The new licences will lead to 30% year-on-year growth for the radio industry, said Tarun Katial, CEO of Reliance Broadcast Network Ltd (RBNL), which runs 92.7 Big FM stations.
“At RBNL, we will be looking at multiple frequencies which will be a revenue multiplier without huge incremental capex/opex,” he said in an email. “In addition to key urban centres and a network of C and D cities, the significant increase in radio inventory and the pricing power offered by multiple frequencies in cities will lead to content innovations and drive growth.”
The government said the first two phases resulted in a total revenue accrual of Rs 1,733 crore. That expected from the new auctions is Rs 1,532 crore.
Soni said phase III licences will be issued for 15 years instead of the usual 10 years.
The e-auctions will be conducted in batches and details of the process will be decided by the ministry later. The ministry will appoint an independent expert agency through a transparent process to conduct the e-auctions.
“I think the overall policy is good. But we have a principled disagreement on e-auctions for radio. E-auctions are a great method of auctions for telecom, but for radio, a ‘single-step tendering’ process would be better,” ENIL’s Panday said.
“In e-auctions, all frequencies are auctioned for the same price. This would lead to a loss of content plurality (content diversity) since no one would like to do a niche programming format after bidding so high,” he said. “Having said that, ENIL specifically has no worries with respect to e-auctions. In fact, e-auctions will benefit ENIL.”
Broadcasters were concerned the e-auction model may give those with deep pockets an advantage, Radio City’s Purohit said. “Still, we expect to see a lot of local and regional players come forth and bid for new licences,” she added.

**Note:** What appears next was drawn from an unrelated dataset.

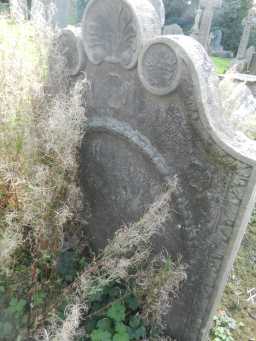 Photograph to side of left tomb at Church of St Ebba 2016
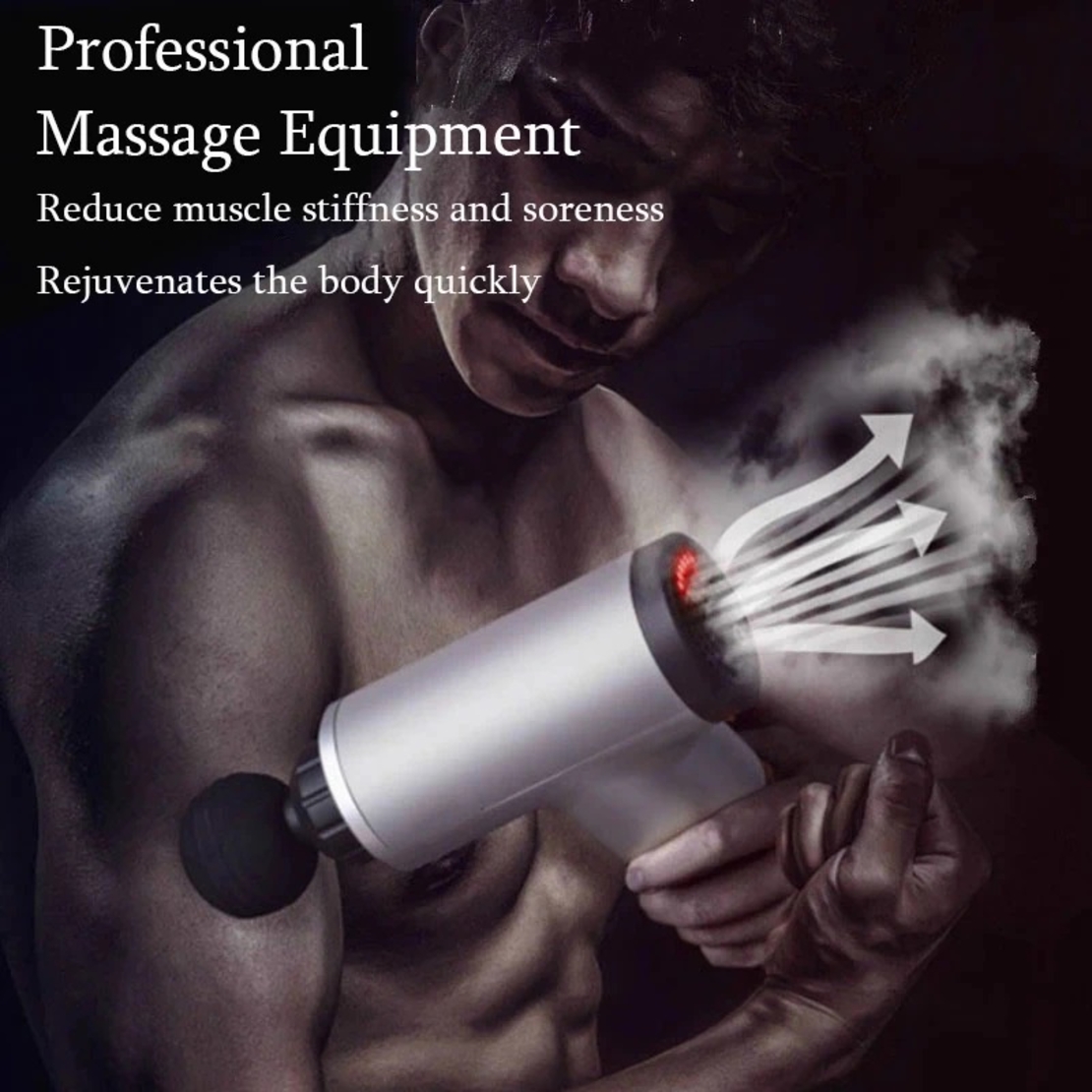 Aparat de Masaj Profesional, cu 4 capete interschimbabile si 6 trepte de intensitate, Neo™ Professional Gun®, pentru dureri musculare, reumatice, anticelulitic, Gri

The government has also eased content rules for private FM channels, which currently can’t carry news broadcasts. They will now be allowed to carry news bulletins from All India Radio. Public service information will also be allowed as it won’t come under the label of news and current affairs. This relates to information on sports, traffic, weather, cultural events, exam results, admissions, career counselling and job opportunities. They will also be allowed to carry announcements regarding civic amenities—electricity, water supply, natural calamities, health—as provided by the local administration.
At the national level, the ownership limit for radio channels has been retained at 15%. However, as an incentive, bidders in Jammu and Kashmir, the north-eastern states and island territories will be allowed to exceed the 15% ownership limit at the national level. Private FM broadcasters in these regions will only be required to pay half the rate of the annual licence fee for the first three years.
Cabinet approval was the first step in the road to the long-awaited phase III, said Smita Jha, consulting head (entertainment and media) at PricewaterhouseCoopers (PwC).
The changes “will help the radio stations in innovations and thereby improve ad revenues, which in turn will positively impact their margins under pressure”, she said.
The increase in the foreign investment limit is in line with the government’s overall objective, Jha said. PwC estimated last year that the radio industry will be worth Rs 1,600 crore in 2014, up from Rs 1,000 crore now, growing at a compounded annual growth rate of 19.2%.